経済について語る人々は、経済学者、景気の予想屋、市場の予想屋、トンデモ屋の4種類いますが、いずれも自分たちのことをエコノミストと読んでいるので、紛らわしいのです。
経済学者は、現実より理論を優先
経済学者は、理論を重視します。問題は、彼らの前提が現実ばなれしていることです。現実は複雑すぎるので、とりあえず「人間がすべての情報を持っていて、常に正しい行動をすると仮定すると何が起きるのか」を考えるのが現在の主流派経済学だ、というわけです。
物理の世界は経済の世界よりはるかに単純なので、「引力等がなければ投げたボールは真っ直ぐ飛んでいく。ところが実際は引力等があるので・・・」というところまで研究が進み、人類が宇宙に行けるようになったわけです。
いつの日にか経済学がこのレベルまで達し、「ところが実際は・・・」ということが研究できるようになることを期待しましょう。
問題は、経済学者が「自分たちは経済がわかっている」と思っていることです。かつて高名な経済学者と雑談をする機会があり、「円高で輸出企業が倒産して、失業が増えて大変ですね」と申し上げました。

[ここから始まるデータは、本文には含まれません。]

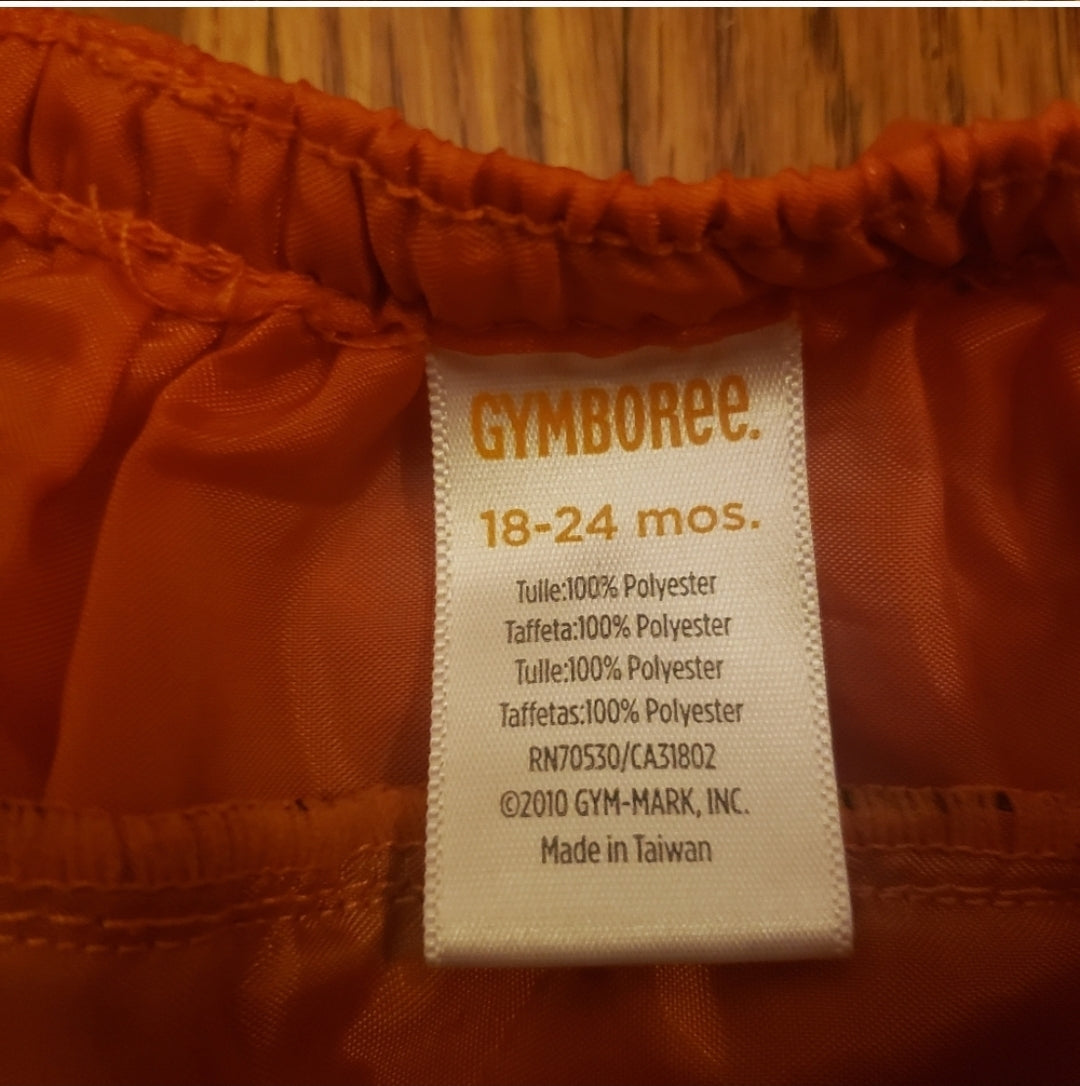 REDUCED #142 HTF Gymboree 18-24 Mths Halloween Tiered Tulle Skirt
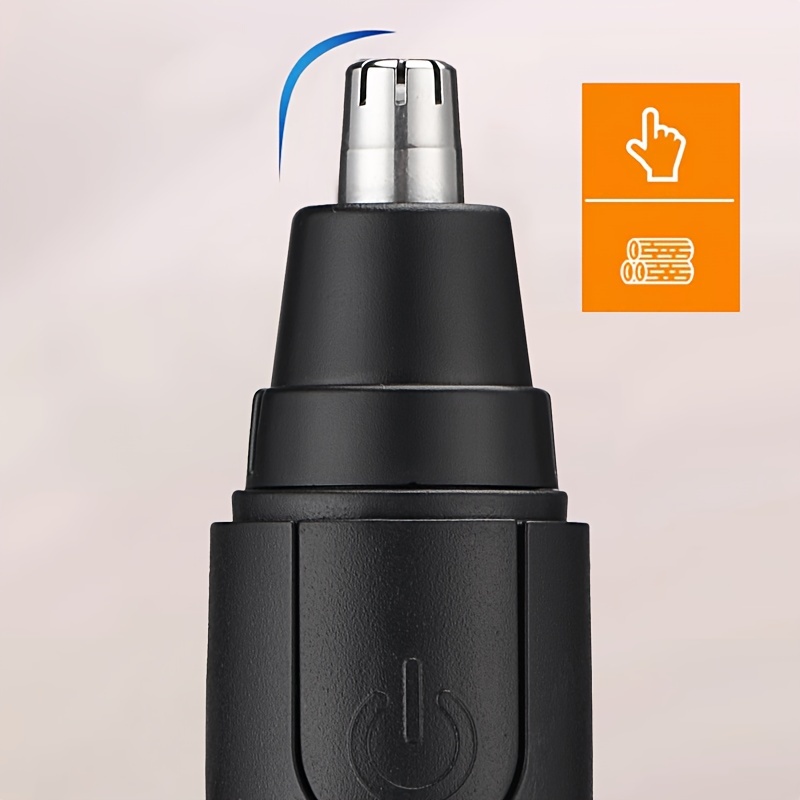 Tondeuse Nez électrique Sans Douleur Professionnelle - Pour Homme - Alimentée Par Batterie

そうしたら、「何も困ったことはないよ。失業した人は輸出企業以外に就職すれば良いのだから」と教えてくださいました。この方とは一生、二度とお話しすることはないだろうと思ったものです(笑)。
市場予想屋は、皆が注目するものに注目する
景気の予想屋は、景気自体を予測するために経済指標等を見ますが、市場予想屋は株価や為替等を予想するために経済指標等を見ます。両者は似ているようで、実は大きな違いがあります。
第一は、観察の対象です。市場予想屋は、金融政策と米国雇用統計に大いに注目する一方で、鉱工業生産等々にはあまり関心を払いません。それは、鉱工業生産指数等が発表になった時に株価等が動かないからです。
株価等が動かないなら、投資家は鉱工業生産等を見る必要性を感じません。そうなると、ますます鉱工業生産発表日に相場が動くことがなくなり、ますます投資家や市場予想屋たちが鉱工業生産を見なくなる、というわけです。
違いの第二は、情報への反応速度です。景気予想屋は「経済指標は振れるから、一喜一憂しないで景気の大きな流れを感じ取るように」と教育されて育ちますが、市場予想屋はそんなことをしていたら株価等の動きに取り残されてしまいますから、一喜一憂するのが仕事なのです。
景気予想屋は「市場予想屋は雨が降ると洪水を心配し、雨が止むと水不足を心配いする」と批判しますが、市場予想屋は「景気予想屋は堤防が決壊してから洪水を心配し始める」と批判します(笑)。
両者には上記のような違いがありますが、これは違いであって優劣ではありません。景気を予想したいのか株価や為替を予想したいのかで、使い分ければ良いのです。
その際に、予想屋がどちらであるかを見分けるには、「金融政策の話が長いなら市場予想屋、短いなら景気予想屋」と考えておけば、ほぼ間違いないでしょう。
トンデモ屋は立派なビジネスモデルだが・・・
常に世界恐慌を予言し続けているような人がいます。あれは予想しているのではなく、ストーリーを語っているのです。世の中には悲観論を聞きたいという人が必ずいますから、固定客が掴める優れたビジネスモデルなのです。